In addition to forcing me to reorganize content more intentionally, I found that creating discussion board prompts and short essays that took the place of quizzes helped me create equally useful Blackboard projects for all versions of the class. Writing prompts forced me to articulate clearly what I wanted the students to get from the readings and how I wanted them to think about key concepts. Using the discussion board function showed me where students were likely to get bogged down by the technology and how I could communicate effectively to help them avoid that (the cumbersome difference between a “forum” and a “thread,” for example). I began to think in terms of applying the successful online course practices to the way I use Blackboard in the face-to-face version of the course. This is one of the great advantages to teaching online. In my experience, however, there is a noticeable difference in the level of resistance to technology in a course that also meets regularly in a classroom. Students in that situation tend to get more easily frustrated by being asked to do tasks online outside of class. The more clearly I articulate the justification for making an assignment online versus handed in or in-class, the more quickly the students overcome their discomfort with the technology and engage the material that I want them to be grappling with.

In all versions of my class, I ask students to think of examples for each of the dimensions and post them to the discussion board. The students in the online version of the class almost always use longer posts and go into greater detail discussing the examples. The students in the face-to-face version of the course see this exercise as some kind of “busy-work” that they can check off their to-do lists after they sit down and write one sentence to show they have completed the assignment. My response to this discrepancy has been to try to explain more clearly in class how I see the discussion board as an opportunity for students to:

  1. Show me they understand the concepts even if they are too shy to speak out during class
  2. Practice using the terms in a low stakes forum and get feedback before they are tested on them. In the online version of the class it seems to be taken for granted that all forms of communication are evaluated and therefore worthy of careful thought and attention.

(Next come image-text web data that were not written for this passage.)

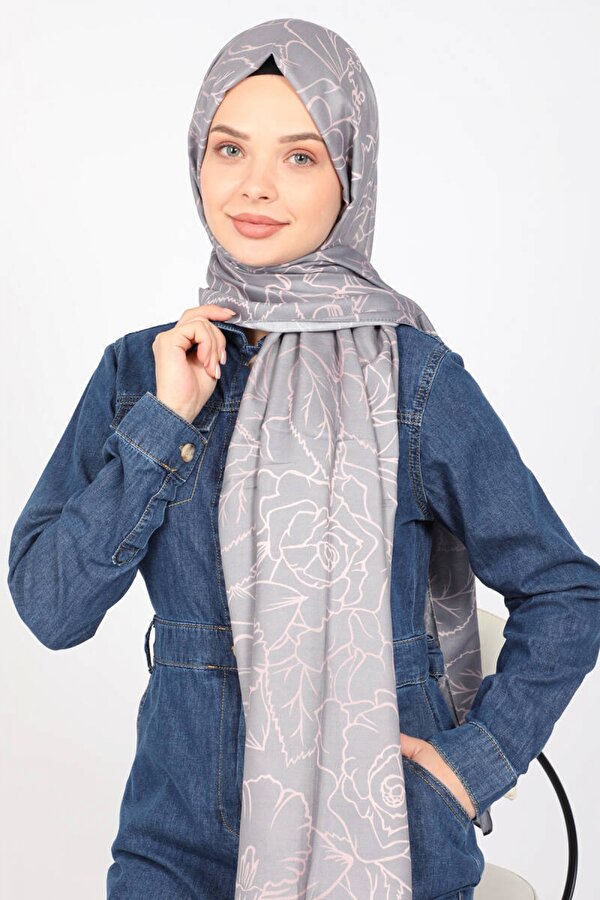 Shantuq Rose Desenli Soft Twill Şal Gri
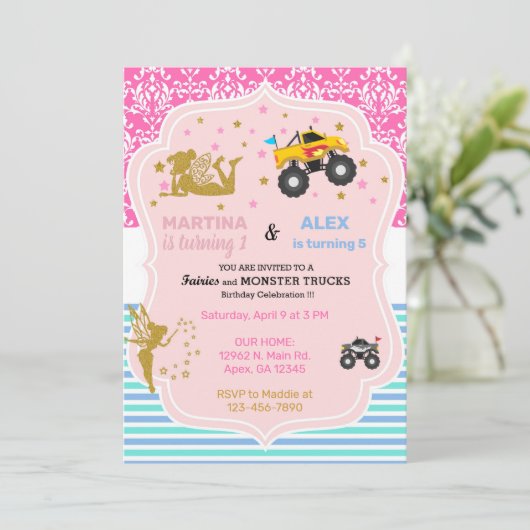 Merkvrachtwagens en monstervrachtwagens zussen hun kaart (Staand voorkant)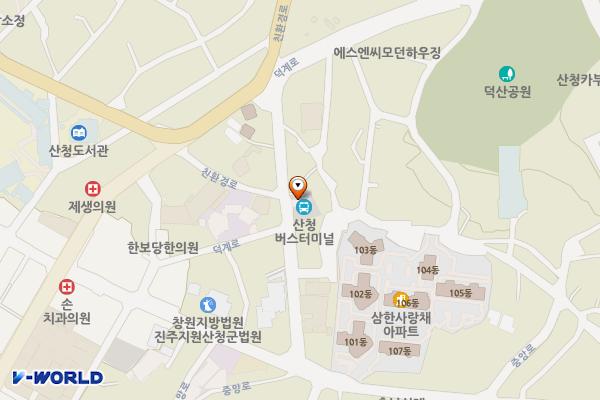 산청버스터미널 (급) 위치 지도 — 경상남도 산청군 산청읍 덕계로 16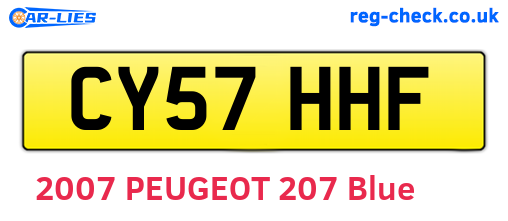 CY57HHF are the vehicle registration plates.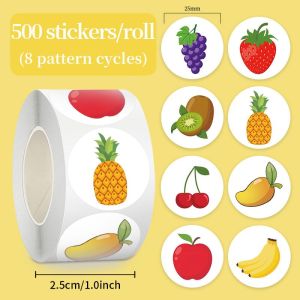 Dán trái cây cuộn cho trẻ em bên ủng hộ 500 nhãn dính mỗi cuộn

In conclusion, I am grateful that my online course is a small version of a course I’m very familiar with. Creating the online version took a fair amount of work, but now that it is “up” it is relatively easy to adapt from one summer to the next. Once the summer session starts, the amount of reading and responding that I have to do are not unreasonable. On the other hand, because of the amount of reading involved in the online version of the course, I cannot imagine teaching more than a dozen students at a time. The way I have adapted this course — with no tests, no quizzes, and nothing that could be automatically graded or evaluated by Blackboard — my imagination fails when it comes to thinking of ways to teach hundreds or even thousands of students at once. I think maybe Wendy Verrai-Berenback of the Center for Teaching and Learning could help me if I had to do it, but for now I feel content to avoid that brave new virtual world.